╭─ RECORDS FOR THE EXERCISE

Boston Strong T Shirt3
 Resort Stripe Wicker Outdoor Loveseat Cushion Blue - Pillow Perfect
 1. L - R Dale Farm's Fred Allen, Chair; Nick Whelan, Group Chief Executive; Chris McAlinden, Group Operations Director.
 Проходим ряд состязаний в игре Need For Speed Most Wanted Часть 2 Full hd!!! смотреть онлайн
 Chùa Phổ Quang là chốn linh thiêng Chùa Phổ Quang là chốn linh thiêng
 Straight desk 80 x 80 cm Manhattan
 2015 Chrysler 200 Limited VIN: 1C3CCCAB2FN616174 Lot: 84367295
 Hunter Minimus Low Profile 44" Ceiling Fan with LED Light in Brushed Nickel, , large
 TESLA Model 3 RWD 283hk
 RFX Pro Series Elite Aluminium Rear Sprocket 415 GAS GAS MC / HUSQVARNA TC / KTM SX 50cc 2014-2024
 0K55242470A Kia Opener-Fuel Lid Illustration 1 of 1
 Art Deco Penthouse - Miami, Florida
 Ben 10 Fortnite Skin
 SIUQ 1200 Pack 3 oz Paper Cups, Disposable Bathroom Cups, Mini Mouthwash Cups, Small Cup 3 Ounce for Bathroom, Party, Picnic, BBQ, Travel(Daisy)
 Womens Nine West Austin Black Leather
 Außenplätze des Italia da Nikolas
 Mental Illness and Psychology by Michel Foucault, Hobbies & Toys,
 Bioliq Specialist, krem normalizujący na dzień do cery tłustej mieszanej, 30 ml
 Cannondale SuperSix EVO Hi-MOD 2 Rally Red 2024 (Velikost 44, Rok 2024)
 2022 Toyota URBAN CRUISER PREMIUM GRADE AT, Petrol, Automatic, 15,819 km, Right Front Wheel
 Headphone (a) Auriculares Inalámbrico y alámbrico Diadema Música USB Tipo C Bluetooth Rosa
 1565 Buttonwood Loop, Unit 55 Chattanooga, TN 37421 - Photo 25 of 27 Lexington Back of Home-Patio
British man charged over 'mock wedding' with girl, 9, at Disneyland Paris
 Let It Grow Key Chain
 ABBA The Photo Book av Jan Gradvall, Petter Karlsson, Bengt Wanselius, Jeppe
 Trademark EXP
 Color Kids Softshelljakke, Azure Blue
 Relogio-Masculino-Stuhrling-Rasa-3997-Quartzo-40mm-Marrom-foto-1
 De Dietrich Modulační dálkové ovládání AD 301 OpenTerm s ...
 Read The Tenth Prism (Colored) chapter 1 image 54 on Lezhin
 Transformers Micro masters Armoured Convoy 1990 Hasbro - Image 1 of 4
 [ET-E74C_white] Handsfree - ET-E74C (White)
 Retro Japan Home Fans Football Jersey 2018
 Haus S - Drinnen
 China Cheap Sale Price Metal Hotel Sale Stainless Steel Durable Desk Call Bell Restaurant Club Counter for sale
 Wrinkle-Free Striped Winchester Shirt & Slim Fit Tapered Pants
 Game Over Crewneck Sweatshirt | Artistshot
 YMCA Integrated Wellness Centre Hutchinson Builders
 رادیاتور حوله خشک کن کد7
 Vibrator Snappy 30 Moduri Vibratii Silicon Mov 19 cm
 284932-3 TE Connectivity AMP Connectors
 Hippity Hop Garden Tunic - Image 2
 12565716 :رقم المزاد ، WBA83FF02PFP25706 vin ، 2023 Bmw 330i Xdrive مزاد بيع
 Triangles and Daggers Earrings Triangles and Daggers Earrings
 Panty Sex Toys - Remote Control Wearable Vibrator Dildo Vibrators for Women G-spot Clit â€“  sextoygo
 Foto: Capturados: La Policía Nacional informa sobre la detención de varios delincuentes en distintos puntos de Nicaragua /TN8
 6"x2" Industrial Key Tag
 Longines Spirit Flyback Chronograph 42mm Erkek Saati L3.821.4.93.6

╰─

The range runs from the line above containing "1565 Buttonwood Loop, Unit" to the line containing "12565716 :رقم المزاد", inclusive. Restate those lines word for word and no others.

 1565 Buttonwood Loop, Unit 55 Chattanooga, TN 37421 - Photo 25 of 27 Lexington Back of Home-Patio
British man charged over 'mock wedding' with girl, 9, at Disneyland Paris
 Let It Grow Key Chain
 ABBA The Photo Book av Jan Gradvall, Petter Karlsson, Bengt Wanselius, Jeppe
 Trademark EXP
 Color Kids Softshelljakke, Azure Blue
 Relogio-Masculino-Stuhrling-Rasa-3997-Quartzo-40mm-Marrom-foto-1
 De Dietrich Modulační dálkové ovládání AD 301 OpenTerm s ...
 Read The Tenth Prism (Colored) chapter 1 image 54 on Lezhin
 Transformers Micro masters Armoured Convoy 1990 Hasbro - Image 1 of 4
 [ET-E74C_white] Handsfree - ET-E74C (White)
 Retro Japan Home Fans Football Jersey 2018
 Haus S - Drinnen
 China Cheap Sale Price Metal Hotel Sale Stainless Steel Durable Desk Call Bell Restaurant Club Counter for sale
 Wrinkle-Free Striped Winchester Shirt & Slim Fit Tapered Pants
 Game Over Crewneck Sweatshirt | Artistshot
 YMCA Integrated Wellness Centre Hutchinson Builders
 رادیاتور حوله خشک کن کد7
 Vibrator Snappy 30 Moduri Vibratii Silicon Mov 19 cm
 284932-3 TE Connectivity AMP Connectors
 Hippity Hop Garden Tunic - Image 2
 12565716 :رقم المزاد ، WBA83FF02PFP25706 vin ، 2023 Bmw 330i Xdrive مزاد بيع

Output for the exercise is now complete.